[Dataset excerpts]
********************

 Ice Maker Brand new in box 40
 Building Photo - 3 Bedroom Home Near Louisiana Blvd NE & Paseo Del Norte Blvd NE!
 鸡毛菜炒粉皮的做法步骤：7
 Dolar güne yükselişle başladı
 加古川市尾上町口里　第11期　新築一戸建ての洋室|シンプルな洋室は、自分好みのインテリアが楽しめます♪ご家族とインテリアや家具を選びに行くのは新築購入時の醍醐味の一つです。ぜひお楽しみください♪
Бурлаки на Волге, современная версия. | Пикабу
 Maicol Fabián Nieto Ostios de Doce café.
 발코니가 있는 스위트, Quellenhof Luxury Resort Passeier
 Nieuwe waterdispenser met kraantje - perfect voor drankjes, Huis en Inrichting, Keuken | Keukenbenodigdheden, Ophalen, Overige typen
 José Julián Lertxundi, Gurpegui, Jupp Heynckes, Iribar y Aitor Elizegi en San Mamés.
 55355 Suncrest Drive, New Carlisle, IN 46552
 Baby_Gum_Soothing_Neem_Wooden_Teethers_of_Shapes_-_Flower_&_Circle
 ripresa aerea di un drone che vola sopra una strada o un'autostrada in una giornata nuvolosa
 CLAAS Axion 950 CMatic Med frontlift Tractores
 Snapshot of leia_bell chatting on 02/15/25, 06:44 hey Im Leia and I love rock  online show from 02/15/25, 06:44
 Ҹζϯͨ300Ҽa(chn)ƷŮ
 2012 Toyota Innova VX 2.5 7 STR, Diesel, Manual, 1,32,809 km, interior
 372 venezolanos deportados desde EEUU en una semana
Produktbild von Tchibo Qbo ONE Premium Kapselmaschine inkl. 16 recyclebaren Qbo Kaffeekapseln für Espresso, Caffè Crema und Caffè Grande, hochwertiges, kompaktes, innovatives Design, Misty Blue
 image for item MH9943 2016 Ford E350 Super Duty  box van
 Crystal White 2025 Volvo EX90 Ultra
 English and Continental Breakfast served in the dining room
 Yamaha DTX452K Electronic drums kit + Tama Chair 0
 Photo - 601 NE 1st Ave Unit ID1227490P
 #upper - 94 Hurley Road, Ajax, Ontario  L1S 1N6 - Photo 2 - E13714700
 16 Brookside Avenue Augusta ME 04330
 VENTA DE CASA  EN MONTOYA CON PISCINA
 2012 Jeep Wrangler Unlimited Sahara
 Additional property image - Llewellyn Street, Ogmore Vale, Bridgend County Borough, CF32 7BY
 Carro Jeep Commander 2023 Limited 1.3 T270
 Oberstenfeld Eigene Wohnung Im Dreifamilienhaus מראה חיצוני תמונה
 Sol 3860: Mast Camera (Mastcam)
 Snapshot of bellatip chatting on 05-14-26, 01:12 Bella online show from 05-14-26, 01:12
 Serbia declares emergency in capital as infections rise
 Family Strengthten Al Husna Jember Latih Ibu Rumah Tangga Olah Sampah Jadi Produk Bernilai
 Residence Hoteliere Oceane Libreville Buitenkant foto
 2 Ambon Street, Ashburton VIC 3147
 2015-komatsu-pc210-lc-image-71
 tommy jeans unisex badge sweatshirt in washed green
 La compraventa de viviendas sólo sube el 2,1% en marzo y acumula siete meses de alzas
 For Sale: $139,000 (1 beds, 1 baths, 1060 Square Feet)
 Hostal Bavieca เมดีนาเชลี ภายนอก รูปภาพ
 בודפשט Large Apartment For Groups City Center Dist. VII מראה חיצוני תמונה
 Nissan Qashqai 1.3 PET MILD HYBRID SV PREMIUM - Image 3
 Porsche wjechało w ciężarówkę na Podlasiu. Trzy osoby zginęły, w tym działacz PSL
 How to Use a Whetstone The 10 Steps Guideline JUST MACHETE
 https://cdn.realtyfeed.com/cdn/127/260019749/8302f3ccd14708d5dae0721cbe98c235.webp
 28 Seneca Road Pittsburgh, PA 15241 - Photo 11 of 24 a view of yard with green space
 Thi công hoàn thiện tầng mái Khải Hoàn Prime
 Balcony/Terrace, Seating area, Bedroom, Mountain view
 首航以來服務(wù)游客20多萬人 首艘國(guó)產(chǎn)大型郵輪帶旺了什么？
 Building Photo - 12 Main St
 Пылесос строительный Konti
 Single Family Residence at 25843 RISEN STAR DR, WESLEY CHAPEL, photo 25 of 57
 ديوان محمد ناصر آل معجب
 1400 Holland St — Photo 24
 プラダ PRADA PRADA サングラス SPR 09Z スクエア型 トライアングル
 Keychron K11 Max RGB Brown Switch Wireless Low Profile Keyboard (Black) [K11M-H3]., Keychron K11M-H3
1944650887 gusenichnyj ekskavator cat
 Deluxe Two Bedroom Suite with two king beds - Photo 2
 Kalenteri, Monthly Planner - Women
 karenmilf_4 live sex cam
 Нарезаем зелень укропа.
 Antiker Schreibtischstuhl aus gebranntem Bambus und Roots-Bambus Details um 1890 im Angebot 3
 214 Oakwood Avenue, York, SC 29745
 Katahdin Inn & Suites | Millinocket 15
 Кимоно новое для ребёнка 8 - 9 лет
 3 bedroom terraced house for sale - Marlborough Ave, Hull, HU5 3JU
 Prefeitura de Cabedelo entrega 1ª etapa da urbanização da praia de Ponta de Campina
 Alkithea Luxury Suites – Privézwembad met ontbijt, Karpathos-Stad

********************

▶ [Problem description]: Every line above that includes the word "from" must appear in the answer.

▶ [Reply to the task]:
 Snapshot of leia_bell chatting on 02/15/25, 06:44 hey Im Leia and I love rock  online show from 02/15/25, 06:44
 Snapshot of bellatip chatting on 05-14-26, 01:12 Bella online show from 05-14-26, 01:12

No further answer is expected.